Marines Salute Fallen Comrades

Spokane is not Iwo Jima and the patio of the Ag Trade Center is no Mount Suribachi.

But when a group of 1995 Marines raised the American flag to re-create one of World War II’s most famous images, the Marines of 1945 stood and saluted.

Many of the elder Marines, who helped capture that island 50 years ago, held their bright red caps over their hearts, and sang in rough, emotion-cracked voices:

“From the halls of Montezuma….”

Moments later, the color guard - resplendent in navy blue and bright white dress uniforms and moving in perfect cadence - marched off the Floating Stage. James Mac Laren of Temple City, Calif., felt the tears coming.

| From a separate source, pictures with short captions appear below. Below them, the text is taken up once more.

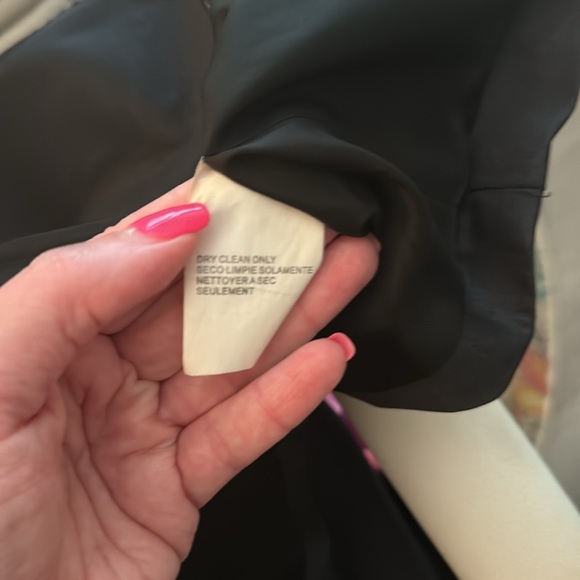 Bebe/Excellent condition, worn maybe once or twice gray blazer jacket size 6 - Picture 8 of 8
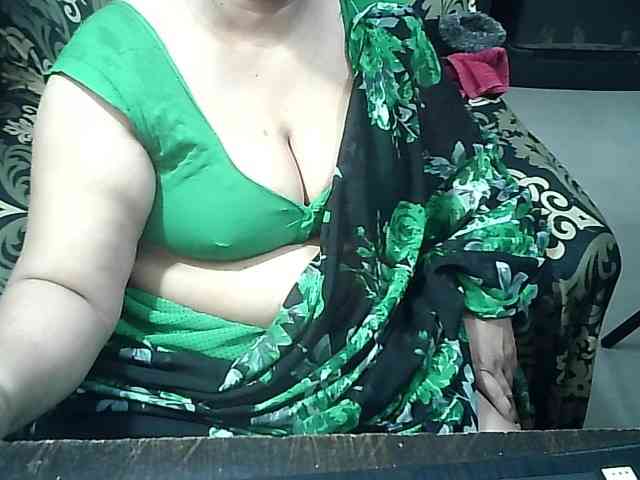 Indianbhabhimilf40 webcam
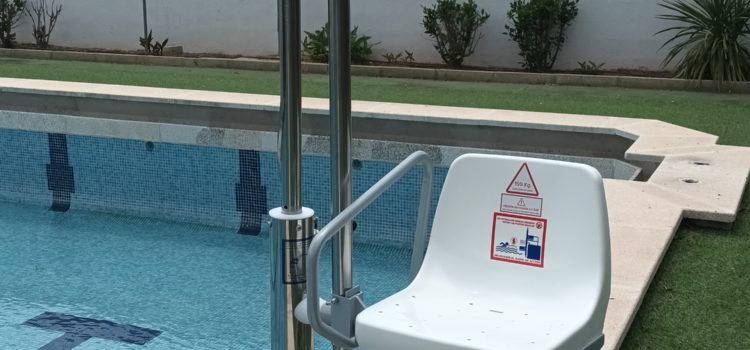 La Generalitat Valenciana subvenciona el nou elevador hidràulic de la piscina municipal d’Alcalà de Xivert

The tears came partly for the flag, partly for “Taps,” which the bugler played before the flag raising, and partly for the young Marine who had stood at attention for more than an hour, holding a rifle with its bayonet point on the stage and a helmet over the stock.

The rifle and helmet symbolized fallen comrades.

“I just had to go up afterwards and shake his hand, and tell him what a fine job he’d done,” said Mac Laren, who was one of more than 500 members of the 4th Marine Division Association in Spokane for their annual convention.

Fifty years ago, Mac Laren and the rest of the 4th Division were as young as the Marines from Bangor, Wash., Naval Station, who provided the honor guard for the Spokane convention.

They never learned to drill like the Bangor Marines, to march in perfect cadence, to spin their highly polished rifles with shining bayonets in white-gloved hands without so much as a word of command.

“That’s the peacetime Marine Corps,” another veteran of Iwo Jima, Jack Rasmussen of Spokane, said after watching the silent drill team perform. “We didn’t have time for that.”

They trained for war, then they went to war, said Rasmussen who stopped by for the show. He was in the 3rd Marine Division on Iwo Jima.

No problem, Mac Laren said. All Marines are the same.

“For most of us, it’s a case where you don’t know hardly anybody here, but you know that because of what they did, you’re alive,” he said.

The convention wasn’t one of the association’s biggest. Many of the members live in the East or the South, and Spokane is a long trip, said Chaplain Charles Goe.

The association also is losing members as the nation marks the 50th anniversary of World War II.

But with the re-creation of the Iwo Jima flagraising, the Riverfront Park setting and the near-perfect weather, it was surely one of the best, Goe said.